# Arrange the hydrides of the p-Block Group 15 elements in order of increasing boiling point:

$\text{NH}_3 \gt \text{PH}_3 \gt \text{AsH}_3 \gt \text{SbH}_3 \gt \text{BiH}_3$ $\text{NH}_3 \gt \text{PH}_3 \lt \text{AsH}_3 \lt \text{SbH}_3 \gt \text{BiH}_3$ $\text{NH}_3 \gt \text{PH}_3 \lt \text{AsH}_3 \lt \text{SbH}_3 \lt \text{BiH}_3$ $\text{NH}_3 \lt \text{PH}_3 \lt \text{AsH}_3 \lt \text{SbH}_3 \lt \text{BiH}_3$

Answer: $\text{NH}_3 \gt \text{PH}_3 \lt \text{AsH}_3 \lt \text{SbH}_3 \lt \text{BiH}_3$
From $\text{PH}_3$ to $\text{BiH}_3$, the boiling points increase with increase in molecular weights, due to the increase in Van der Waal's forces with molecular mass.

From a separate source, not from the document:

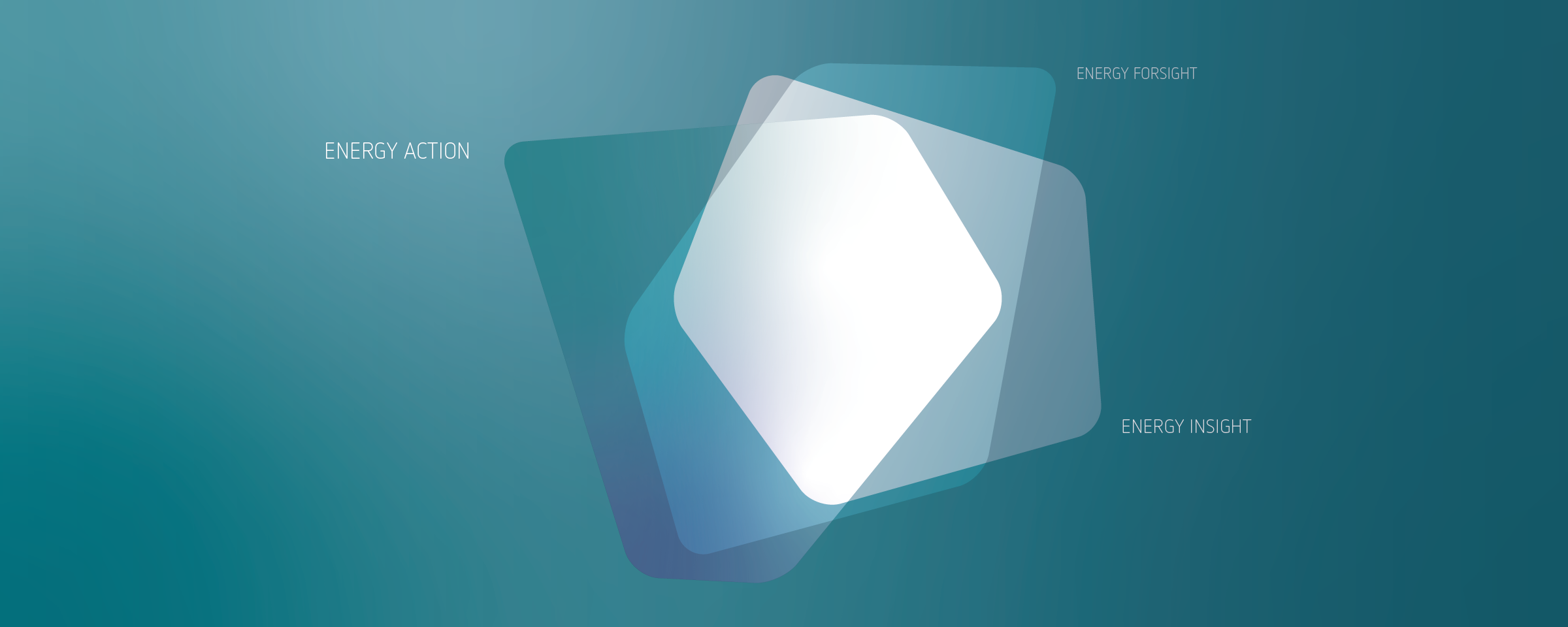 Energy Foresight – Insight – Action Grafik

However, boiling point of $\text{NH}_3 \gt \text{PH}_3$ even though $\text{NH}_3$ has lower molecular mass than $\text{PH}_3$, due to the intermolecular hydrogen bonding in Ammonia that is not present in $\text{PH}_3$ and other hydrides in Group-15.